Spanish bond yields fall as Greece forms new government

Spanish 10-year bond yields dipped back below 7% today, as investors eyed an expected stimulus package from the US Federal Reserve, and with sentiment lifted after Greece managed to form a new government.

The yield on benchmark Spanish debt was down 27 basis points to 6.77% – despite the previous day’s auction showing Madrid had to pay 5% to borrow for just a year.

The move out of the danger zone above 7% comes as many investors hold their breath ahead of an announcement from Fed chairman Ben Bernanke.

Bernanke (pictured) is expected to reveal an extension of “Operation Twist,” the programme launched last year which has aimed – and succeeded – in pushing down longer-term interest rates in an attempt to support the economy via bond-buying.

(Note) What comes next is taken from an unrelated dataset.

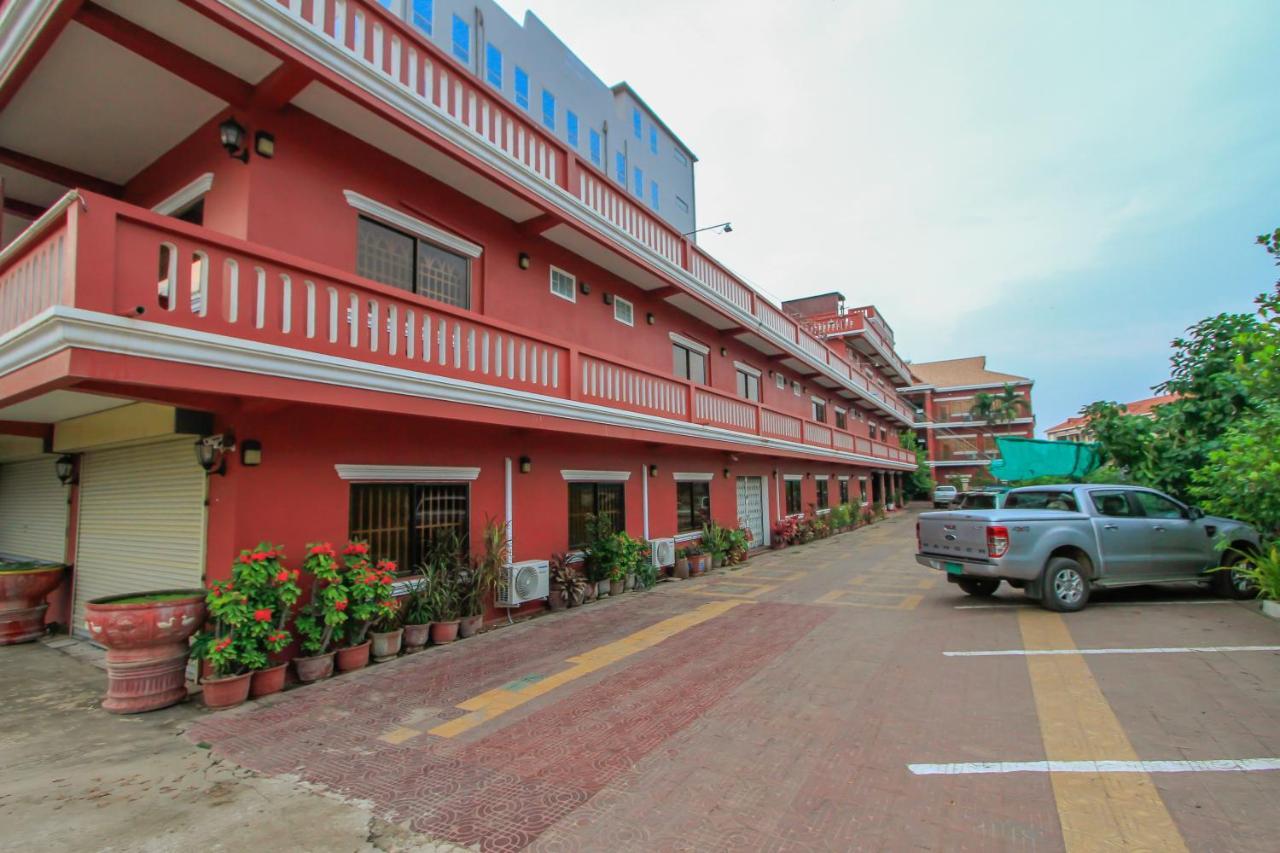 Botoum Hotel Sisophon Εξωτερικό φωτογραφία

The S&P 500 had closed higher for four straight days and reached its highest level since early May yesterday amid speculation policy makers will do more to safeguard the economic recovery.

Today it was flat shortly after opening, with the Dow moving in a similar way, as investors await Bernanke’s speech.

Previous easing actions by the Fed have lifted growth-focused assets such as stocks and commodities, and gold tends to welcome central bank stimulus too.

Meanwhile Greece has also cheered investors, after political leaders agreed to form a new government headed by New Democracy party head Antonis Samaras following weeks of political manoeuvring.